Image feature extraction model
Due to the computational power and battery size limitations of hearing aids, we process image information using a smartphone connected to the hearing aid, and only image features are sent to the hearing aid side to assist in sound enhancement. Extracting image scene features may use a convolutional visual Transformer (CvT) model. The model combines the advantages of a convolutional neural network and a visual Transformer, has the capability of extracting local features, and retains the attention to global information. The image scene feature extraction model is pre-trained on a large scene classification data set Place365, and has the capability of identifying complex scenes. We extract the classification token of the model as a feature of the image scene.
FIG. 3 is a diagram of a model architecture for a convolutional visual Transformer. (a) The model is divided into three stages, and each stage of the model fuses local features and simultaneously reduces the length of an image sequence by performing convolution operation on the feature map. And inserting global information of the classified token fused picture into the sequence starting position at the beginning of the third stage, and finally using the token as the picture feature.
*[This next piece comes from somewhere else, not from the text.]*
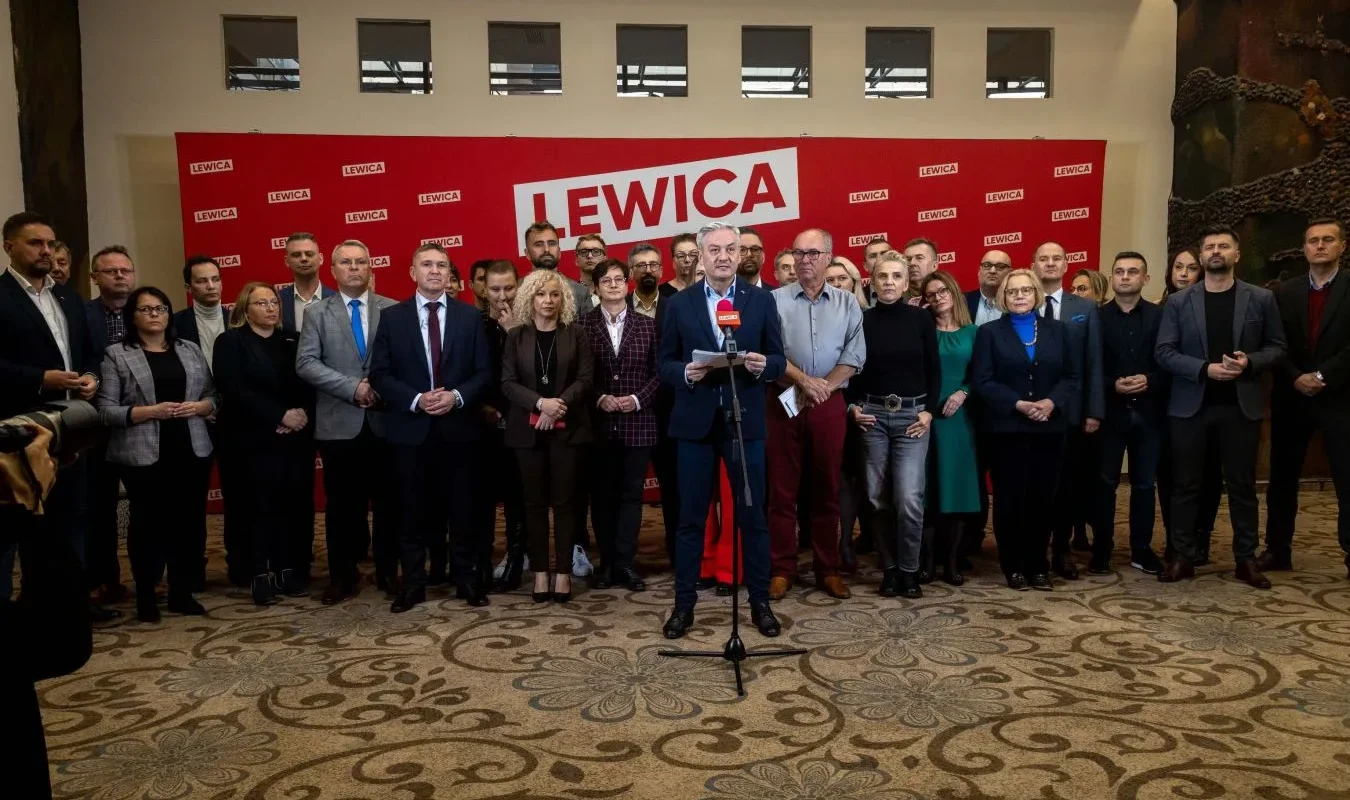 Grupa polityków Nowej Lewicy podczas konferencji prasowej w sprawie umowy koalicyjnej i realizacji programu wyborczego, stojąca przed czerwonym banerem LEWICA, z centralnym mówcą przy mikrofonie.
Audio feature extraction model
As shown in fig. 4, a convolutional neural network is used to extract audio features. The CNN14 is an audio classification model, and realizes attention to different scales of frequency spectrums and accurate classification of audio through stacking of 3 x 3 convolution kernels. Fig. 4 is a convolutional neural network CNN14 that we use to extract audio features. The audio scene feature extraction model is firstly trained on a large data set Audioset to learn the characterization of audio. We extract the output of the penultimate fully-connected layer as an audio feature.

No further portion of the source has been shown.